Lo más difícil de vivir cuando me encontraba otra vez en casa era la soledad, porque para tener un diálogo tenía que crearme una personalidad que no tenía; mi verdadero rostro lo escondí siempre, lo aplasté y no supe nunca quién soy, siempre era algún otro. Cuando mi madre me habló de la Comunidad le dije: “No creo que me ayude”, y ella me respondió: “Mira que ahí te quieren”, y estas palabras me quedaron grabadas. Después agregó: “Necesitas construir lo que te falta”, en aquel momento se abrió una puerta en mí y comencé a reflexionar. Mi madre era la única persona en la que podía confiar de verdad, también cuando estaba mal, cuando tenía algún problema, escapaba y volvía a ella.
Así me abrí con ella y entró un poco de luz, y llegué a venir a la Comunidad para ver si valía la pena. Haciendo las “jornadas de prueba” conocí un chico que había vivido la misma experiencia, que me podía entender. Estaba en Comunidad desde hace dos años, y dentro de mí me preguntaba: “¿Pero éste fue un drogadicto? ¿Pero por qué trabaja conmigo, por qué es tan bueno?” Me contaba de él y de su experiencia: me di cuenta que se esforzaba, que era una persona verdadera, que hacía un intento serio por cambiar, y finalmente tuve en la verdad uno de los diálogos más lindos de mi vida!
Me fui feliz, no me costó para nada ese día, y entonces decidí entrar en la Comunidad para dejarme ayudar. Aquí me sentí acogido, percibí que finalmente no debía tener más miedo de lo que era, porque conocí personas libres y capaces de mostrarme también ellas su pobreza. Poco a poco comencé a realzarme, a confiarme de nuevo en los demás y llegó después el momento donde tuve que hacer una opción decisiva para mi vida: elegir el bien hasta el final o “explotar” la Comunidad por algunos meses para recuperarme, y después volver a salir con una vida que no sabía a dónde me habría llevado. Por suerte elegí bien, porque si me hubiese ido no hubiese podido recoger todos los frutos que hoy siento vivos dentro de mí.

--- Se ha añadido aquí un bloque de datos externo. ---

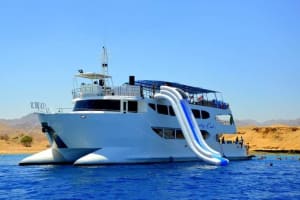  Sharm El Sheikh By Night Dinner On Yacht With Belly Dancer show 3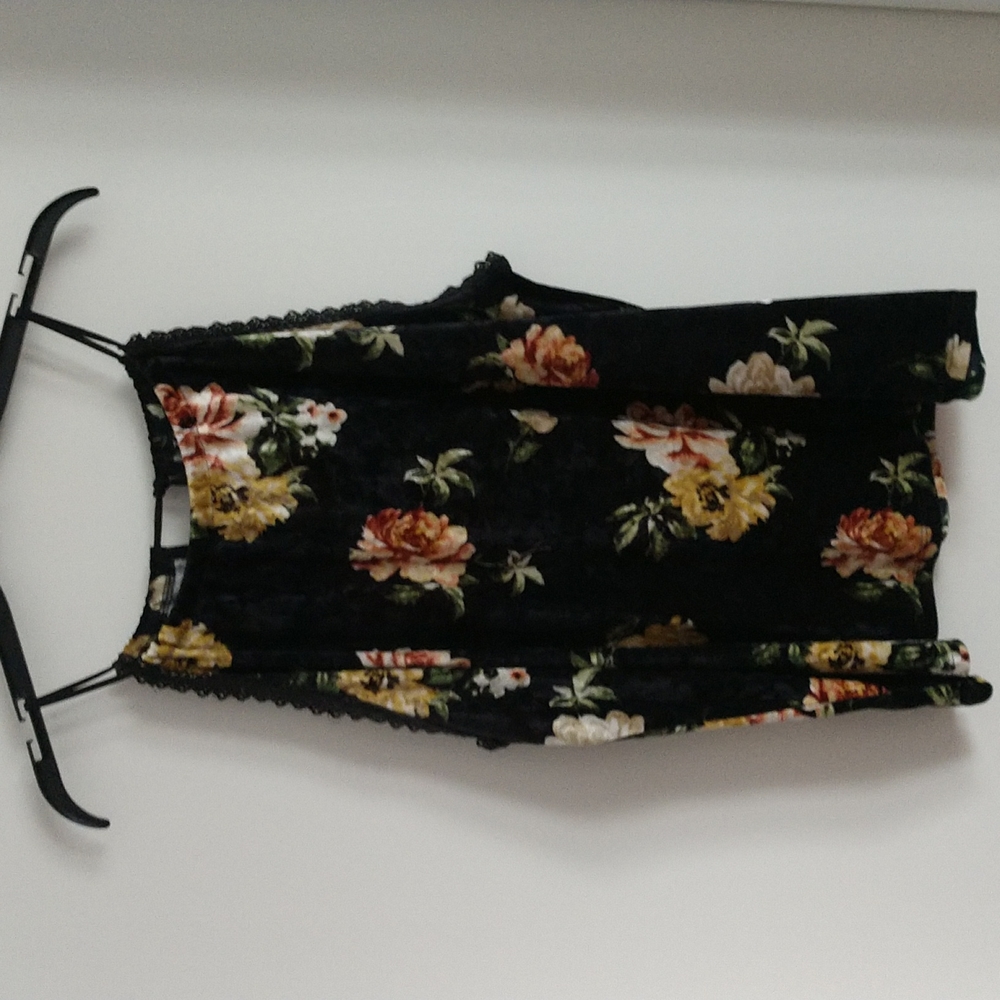TIMING halter Size L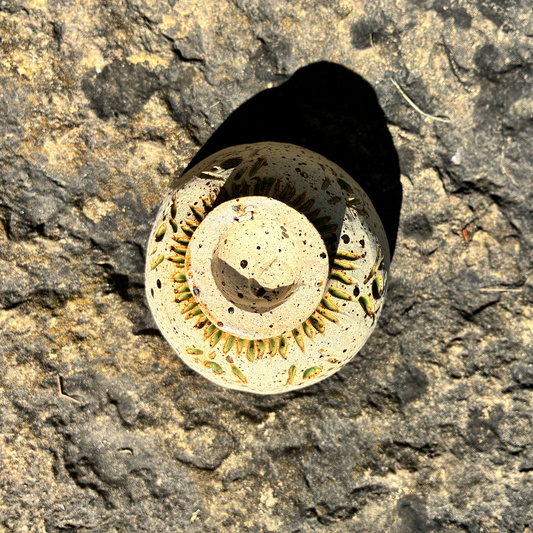 Puodelis su sakurų ornamentais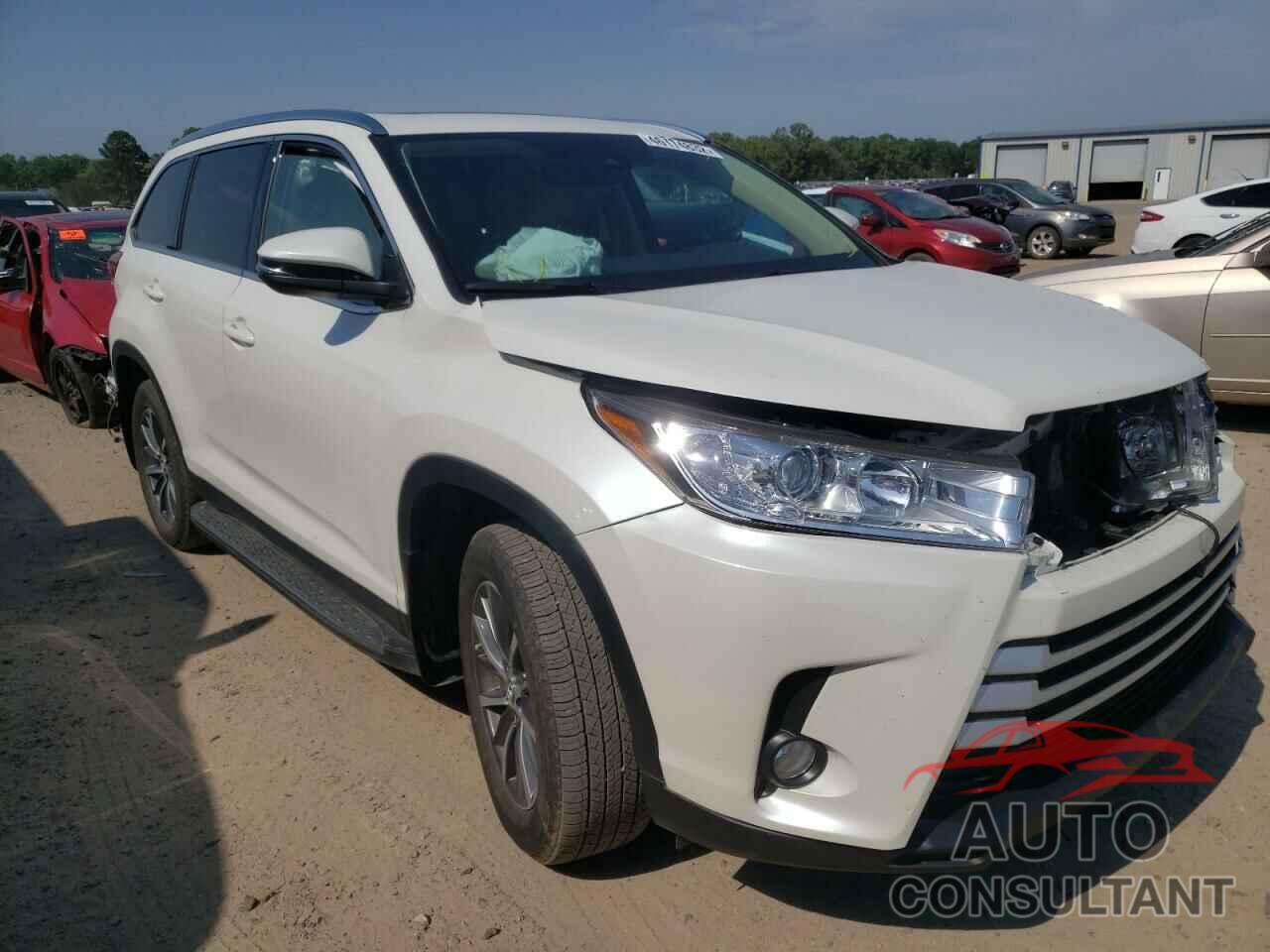 TOYOTA HIGHLANDER 2019 - 5TDKZRFH7KS358891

La vida en el Cenacolo me puso certezas en el corazón: pequeños pasos pesados hechos en la confianza, a través de los cuales Dios se manifestó como el único capaz de entenderme y de guiarme en el modo justo. Comprendí que la vida es una lucha, pero que también cuando caigo y me desanimo es como si Dios me dijera: “¿Ves que solo no puedes? ¡Ánimo, pídeme ayuda y vencerás!” Cada vez que vivo el cansancio, pongo todo en las manos de María y me doy cuenta con asombro que los frutos no vienen en seguida, pero cuando llegan son mucho más grandes y lindos de lo que esperaba. Quiero agradecer a mi familia porque en las dificultades pude ver en ellos el primer ejemplo de fe, y agradezco a la Virgen que a través de la Comunidad esta fe sigue creciendo. ¡Gracias!